BRIEF ->
Reproduce the listing below from the line with "紫雲寺家的孩子們 - 第46話 - 2" to the line with "United Carolina Union", both lines included, character for character, minus any pictures.

EXERCISE DATA ->

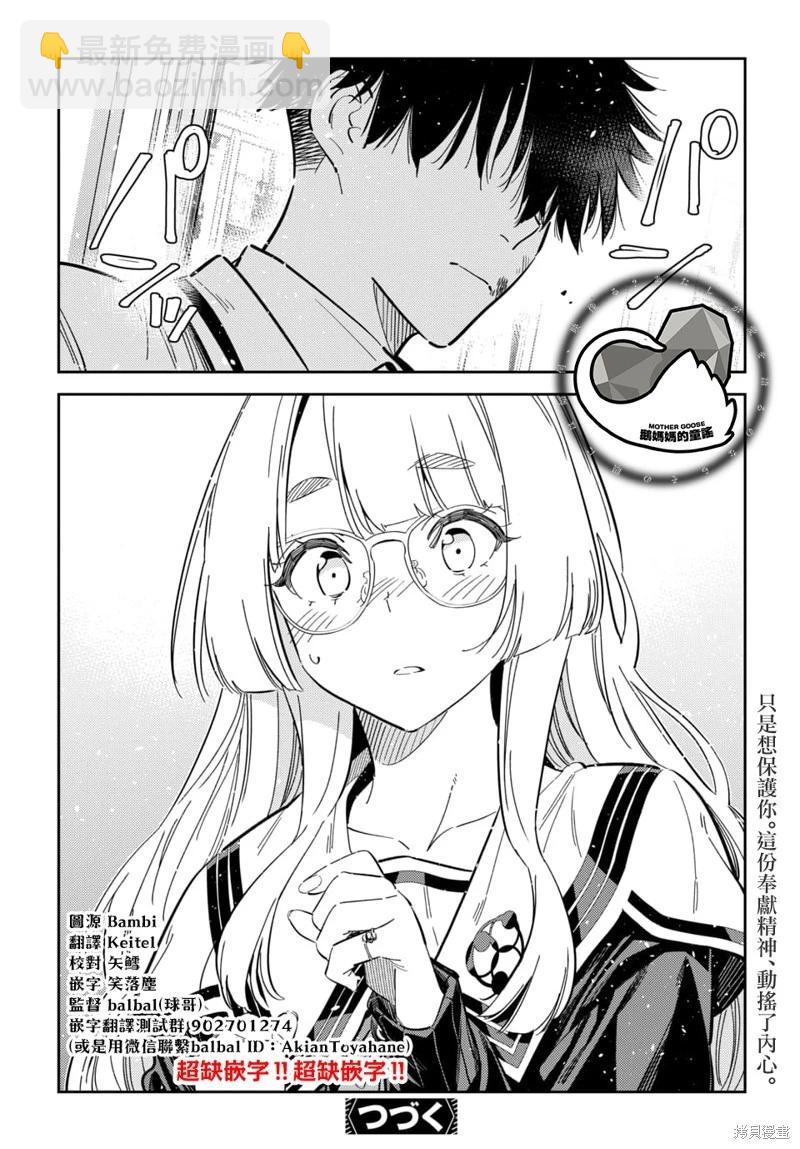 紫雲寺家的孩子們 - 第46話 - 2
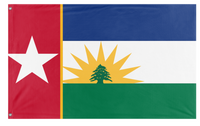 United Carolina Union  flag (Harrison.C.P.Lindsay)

---

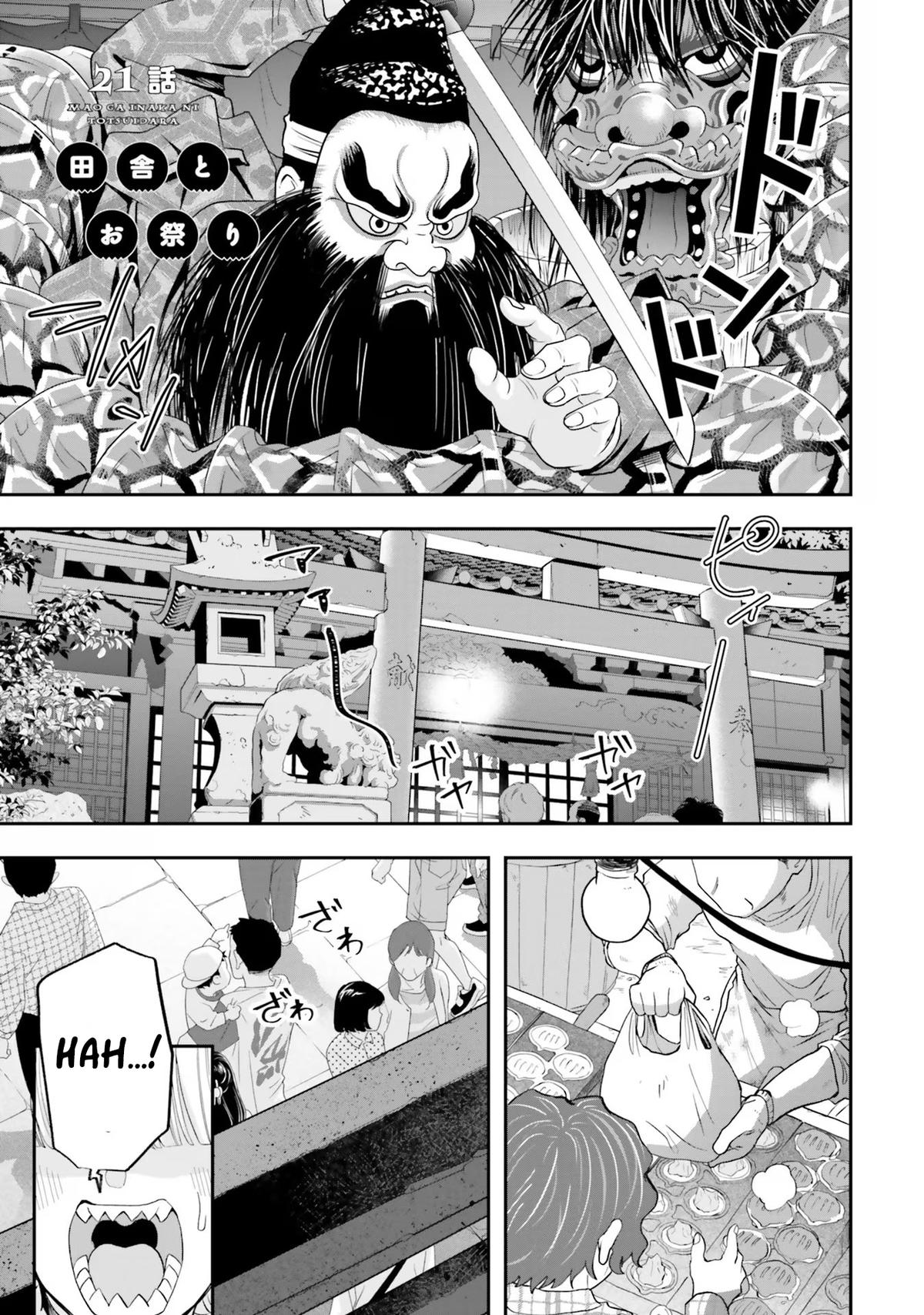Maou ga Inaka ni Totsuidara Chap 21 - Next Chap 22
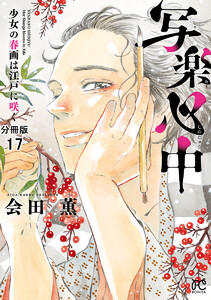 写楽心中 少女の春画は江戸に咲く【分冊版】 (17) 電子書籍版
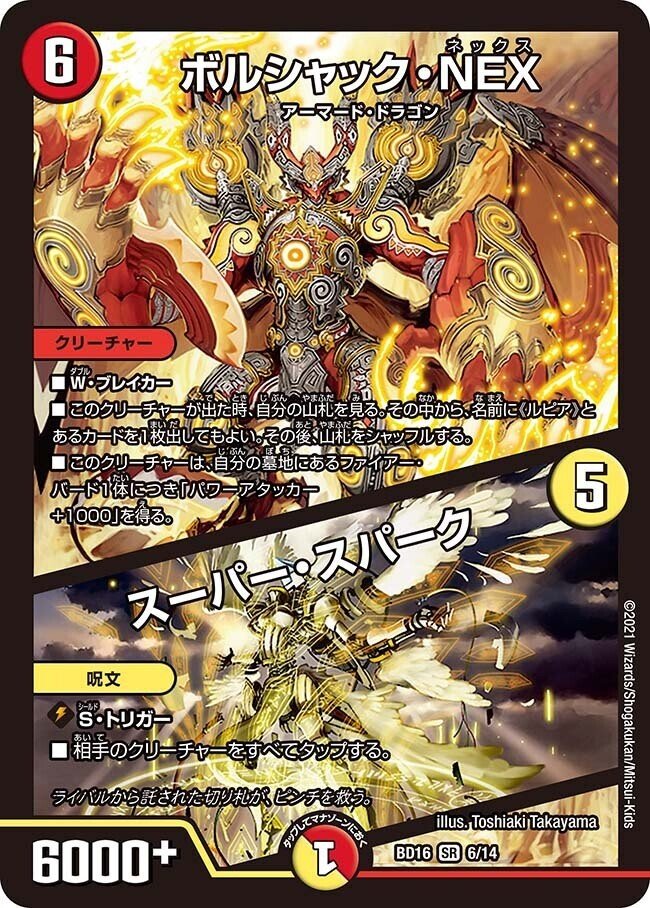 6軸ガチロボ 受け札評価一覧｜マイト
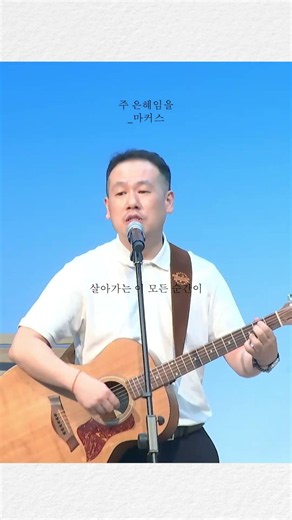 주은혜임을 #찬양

RESULT FOR THIS TASK ->
 紫雲寺家的孩子們 - 第46話 - 2
 United Carolina Union  flag (Harrison.C.P.Lindsay)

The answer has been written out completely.